Printing results of STATIS method (interstructure) analysis

Description

Applies to an object of class "dstatis". Prints the numeric results returned by the dstatis.inter function.

Usage

## S3 method for class 'dstatis'
print(x, mean.print = FALSE, var.print = FALSE,
  cor.print = FALSE, skewness.print = FALSE, kurtosis.print = FALSE,
  digits = 2, ...)

Arguments

x

object of class "dstatis", returned by the dstatis.inter function.

mean.print

logical. If TRUE, prints for each group the means and standard deviations of the variables and the norm of the density.

var.print

logical. If TRUE, prints for each group the variances and covariances of the variables.

cor.print

logical. If TRUE, prints for each group the correlations between the variables.

skewness.print

logical. If TRUE, prints for each group the skewness coefficients of the variables.

kurtosis.print

logical. If TRUE, prints for each group the kurtosis coefficients of the variables.

digits

numeric. Number of significant digits for the display of numeric results.

...

optional arguments to print methods.

Details

By default, are printed the inertia explained by the nb.values (see dstatis.inter) first principal components, the contributions, the qualities of representation of the densities along the nb.factors (see dstatis.inter) first principal components, and the principal scores.

Author(s)

Rachid Boumaza, Pierre Santagostini, Smail Yousfi, Gilles Hunault, Sabine Demotes-Mainard

References

Lavit, C., Escoufier, Y., Sabatier, R., Traissac, P. (1994). The ACT (STATIS method). Computational Statistics & Data Analysis, 18 (1994), 97-119.

See Also

dstatis.inter; plot.dstatis; interpret.dstatis; print.dstatis.

Examples

data(roses)
rosesf <- as.folder(roses[,c("Sha","Den","Sym","rose")])

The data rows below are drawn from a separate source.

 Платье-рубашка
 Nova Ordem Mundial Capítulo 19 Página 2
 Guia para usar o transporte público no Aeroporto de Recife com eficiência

# Dual STATIS on the covariance matrices
result <- dstatis.inter(rosesf, data.scaled = FALSE, group.name = "rose")
print(result)

Printing results of discriminant analysis of probability density functions

Description

Applies to an object of class "fdiscd.misclass". Prints the numerical results of fdiscd.misclass.

Usage

## S3 method for class 'fdiscd.misclass'
print(x, dist.print=FALSE, prox.print=FALSE, digits=2, ...)

Arguments

x

object of class "fdiscd.misclass", returned by fdiscd.misclass.

dist.print

logical. Its default value is FALSE. If TRUE, prints the matrix of distances between, on one side, the groups (densities) and, on the other side, the classes (of groups or densities).

prox.print

logical. Its default value is FALSE. If TRUE, prints the matrix of proximity indices (in percent) )between, on one side, the groups (densities) and, on the other side, the classes (of groups or densities).

digits

numeric. Number of significant digits for the display of numerical results.

...

optional arguments to print methods.

Details

By default, are printed the whole misallocation ratio, the confusion matrix (allocations versus origins) with the misallocation ratios per class, and the data frame whose rows are the groups, and whose columns are the origin classes and allocation classes, and a logical variable indicating misclassification.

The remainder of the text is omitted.